The Importance of Being Yourself

 "Stay Awake" - Theodore Finch (All the Bright Places, 2020)

So if you're wondering what brings me here, or why would someone care to write down sterile pieces of words in front of a screen, just for some wandering and lonely souls on the internet to read, you're actually wondering right about this amateur writer. Yes, I do write a lot for strangers I will never meet in my whole life, but that doesn't stop me from doing so. It seems the only chore that I take so seriously from the beginning of my life, and it will forever be my grounded way of reflecting upon the past and understanding the uncertain future. Hardest part of it is that I would not always make it right. Words and feelings don't get along too well, they tend to be confused and get mixed up all inside our messy thoughts. But it's also truth, my fellow reader, that in effort and strong willed beings, lies inside a powerful contract with humanity: trying, although you might actually fail at the beginning. But try first...

When you take your time to do something nobody (or at least almost anybody) does, even if you try hard, you're bringing to life one hell of an art, an approachable investment for others to use, to hear, to listen, to read; to make those others feel understood, in company, or maybe identified and finally recognized. Society in general tends to negate that feeling to all people going around our mad world. It makes you invisible to the point of nausea, it tears individuality apart for the sake of normativity and social functioning.

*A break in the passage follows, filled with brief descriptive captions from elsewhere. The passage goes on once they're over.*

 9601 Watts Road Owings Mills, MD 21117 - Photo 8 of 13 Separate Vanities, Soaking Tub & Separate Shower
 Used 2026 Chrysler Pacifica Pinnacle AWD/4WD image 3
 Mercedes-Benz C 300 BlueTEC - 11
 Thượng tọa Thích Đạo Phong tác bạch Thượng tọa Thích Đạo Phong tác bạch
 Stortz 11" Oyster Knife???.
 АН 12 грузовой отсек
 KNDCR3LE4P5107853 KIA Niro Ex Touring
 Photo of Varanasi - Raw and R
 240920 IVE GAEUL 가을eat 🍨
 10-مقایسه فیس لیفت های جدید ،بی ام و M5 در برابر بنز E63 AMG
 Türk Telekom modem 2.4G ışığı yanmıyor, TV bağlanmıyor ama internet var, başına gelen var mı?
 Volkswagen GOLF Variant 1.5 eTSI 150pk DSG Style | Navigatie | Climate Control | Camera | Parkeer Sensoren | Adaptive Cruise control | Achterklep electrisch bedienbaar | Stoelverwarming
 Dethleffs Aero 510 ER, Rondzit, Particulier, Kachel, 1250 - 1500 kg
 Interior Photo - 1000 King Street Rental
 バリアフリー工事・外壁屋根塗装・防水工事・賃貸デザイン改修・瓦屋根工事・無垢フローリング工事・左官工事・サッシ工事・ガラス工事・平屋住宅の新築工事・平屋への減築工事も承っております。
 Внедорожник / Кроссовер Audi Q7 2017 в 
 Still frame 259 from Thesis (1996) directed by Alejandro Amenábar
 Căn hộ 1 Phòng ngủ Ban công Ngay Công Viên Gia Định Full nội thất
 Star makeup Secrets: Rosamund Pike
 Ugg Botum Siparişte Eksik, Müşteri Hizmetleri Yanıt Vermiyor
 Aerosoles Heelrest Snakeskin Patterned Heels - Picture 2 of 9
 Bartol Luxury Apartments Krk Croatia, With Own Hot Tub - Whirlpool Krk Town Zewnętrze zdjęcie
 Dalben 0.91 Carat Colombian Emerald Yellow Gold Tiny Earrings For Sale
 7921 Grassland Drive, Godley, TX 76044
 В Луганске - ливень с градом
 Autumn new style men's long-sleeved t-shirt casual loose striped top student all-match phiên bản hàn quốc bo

It makes you a small gear in a big iron system that works with replacements and spare parts. So if you get lost or break, you're replaced by a new and shinny small gear. No humanity, no consideration, just a mere replacement done by a giant monster made of iron. Let's break with that, shall we? Seems boring and emptying. It IS boring and emptying... It's an internal shout-out to ourselves, a pure reminder of what we should NOT do as humans beings that want to make footprints all over this precious land we call Earth. 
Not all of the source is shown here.